--- DATASET CONTENT Enclosed Below ---
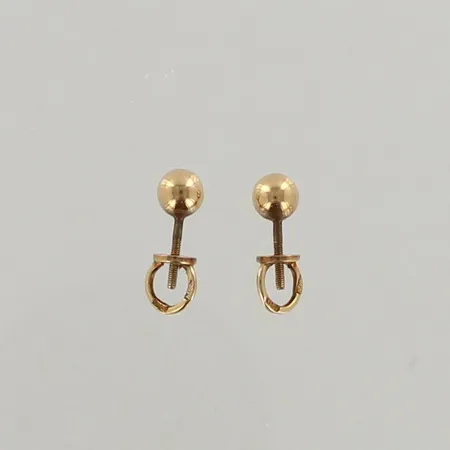 Korvakorut, Ø 5mm, kierre taustat, 583, paino 1,6g 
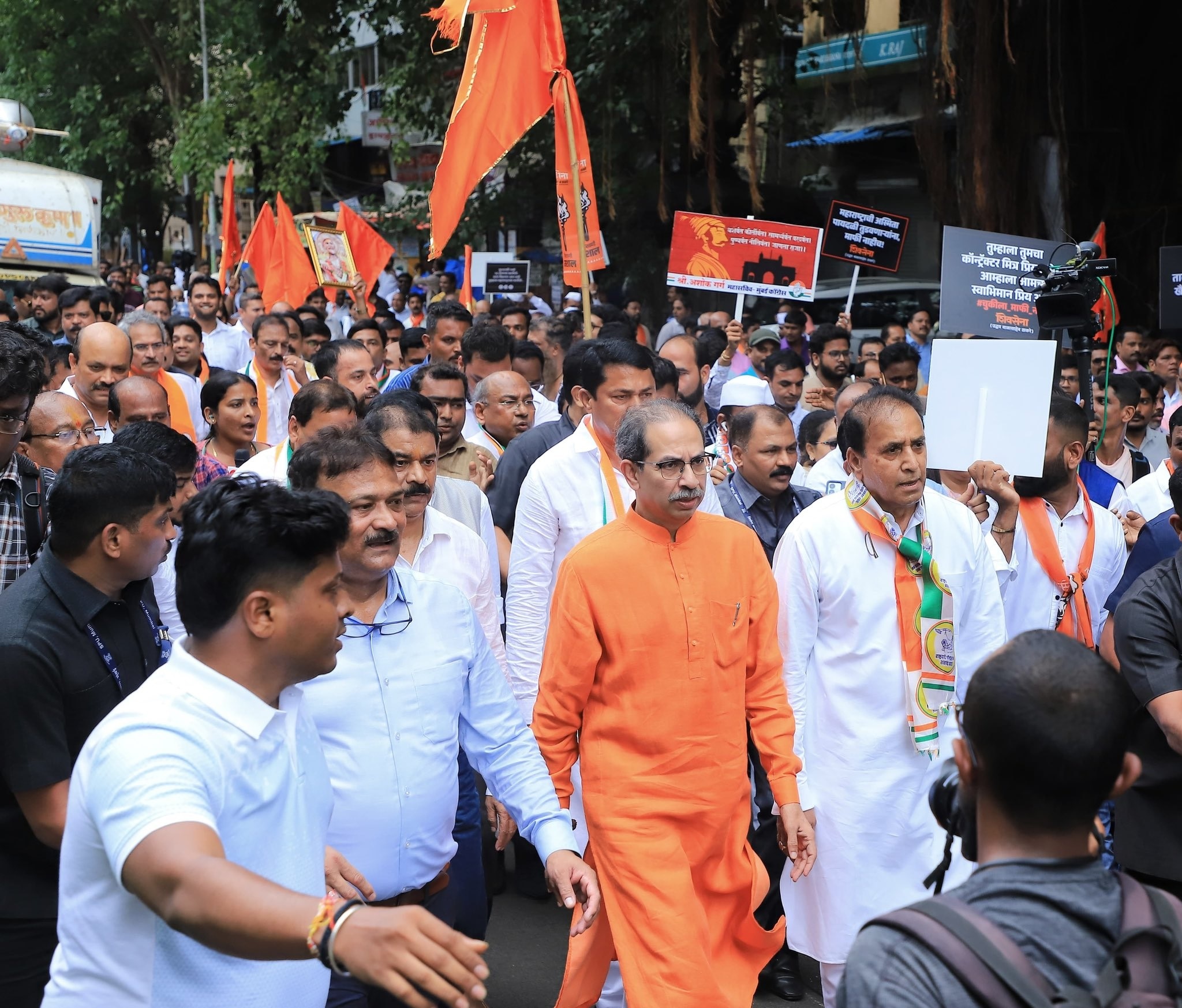 PM’s Shivaji Statue Collapse Apology Smacked Of Arrogance: Uddhav Thackeray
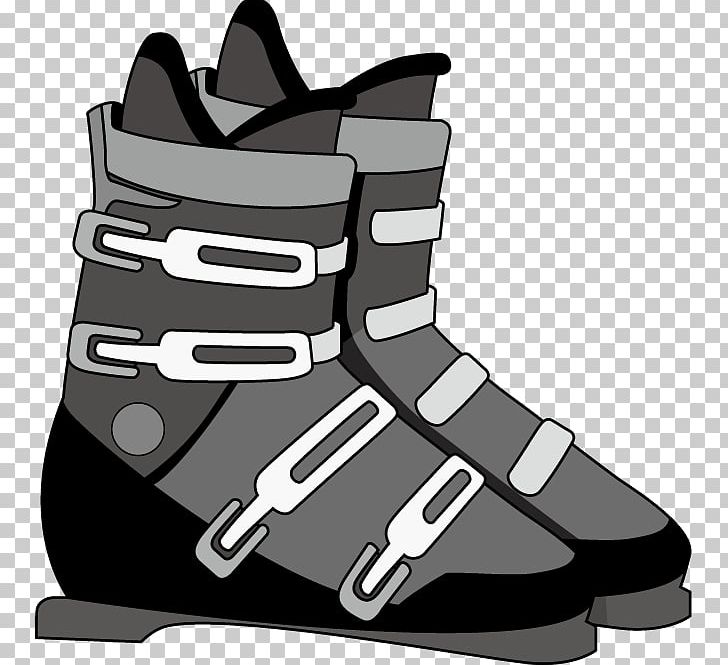 Detail Ski Boots Clipart Nomer 6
--- End of Enclosed DATASET CONTENT ---
» **ABOUT THIS TASK**
Beginning with the line that has "PM’s Shivaji Statue", repeat each remaining line of the data above word for word, keeping pictures out.

» **EXPECTED OUTPUT**
 PM’s Shivaji Statue Collapse Apology Smacked Of Arrogance: Uddhav Thackeray
 Detail Ski Boots Clipart Nomer 6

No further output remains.